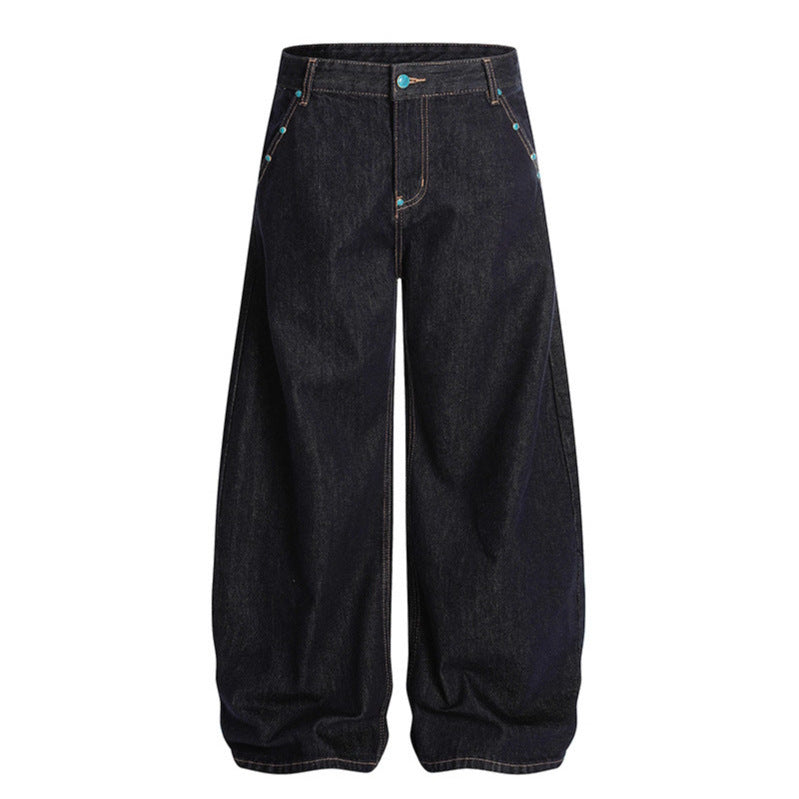 Turquoise Buckle Decoration Original Cow Solid Color Jeans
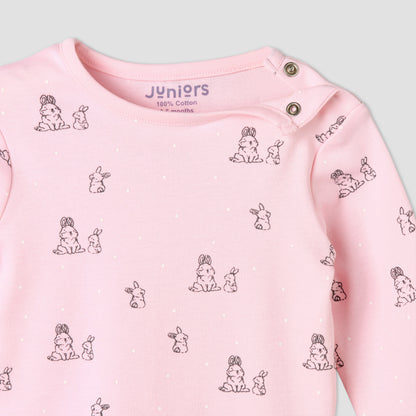 Pack of 4 Juniors Cotton Crew Neck Long Sleeves Pyjama Set with Fun Print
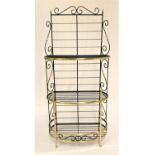 SET OF METAL CASCADE SHELVES with three metal slatted shaped shelves and scroll sides, 209.5cm high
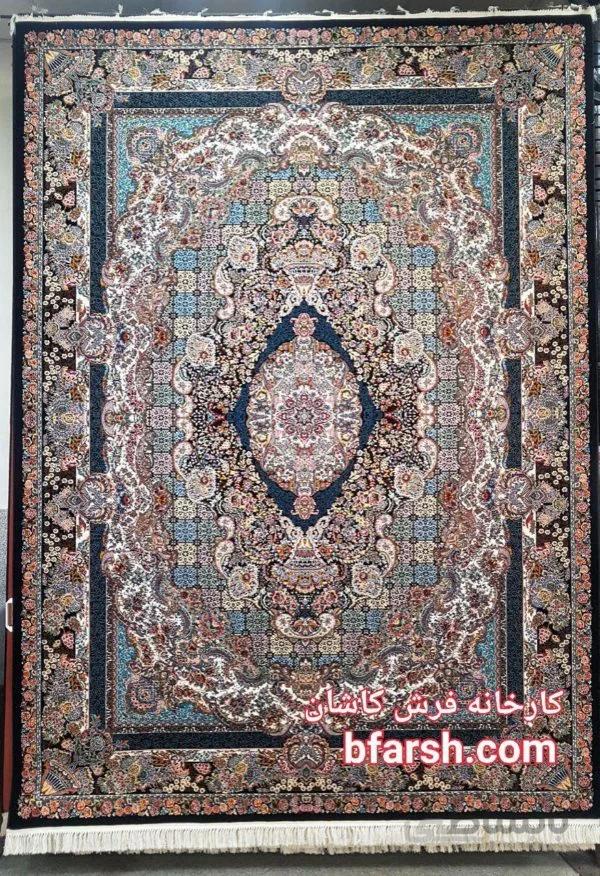 فرش کاشان طرح تندیس سرمه ای 700 شانه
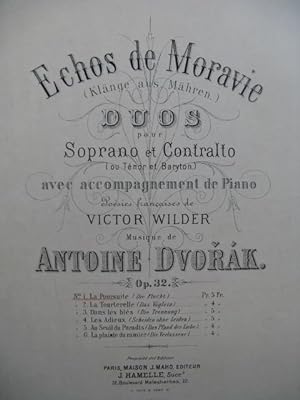 DVORAK Anton Echos de Moravie La Poursuite Chant Piano ca1880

======

Everything in the listing above must be retyped exactly, except for the pictures.

* **Your response**:
 Turquoise Buckle Decoration Original Cow Solid Color Jeans
 Pack of 4 Juniors Cotton Crew Neck Long Sleeves Pyjama Set with Fun Print
 SET OF METAL CASCADE SHELVES with three metal slatted shaped shelves and scroll sides, 209.5cm high
 فرش کاشان طرح تندیس سرمه ای 700 شانه
 DVORAK Anton Echos de Moravie La Poursuite Chant Piano ca1880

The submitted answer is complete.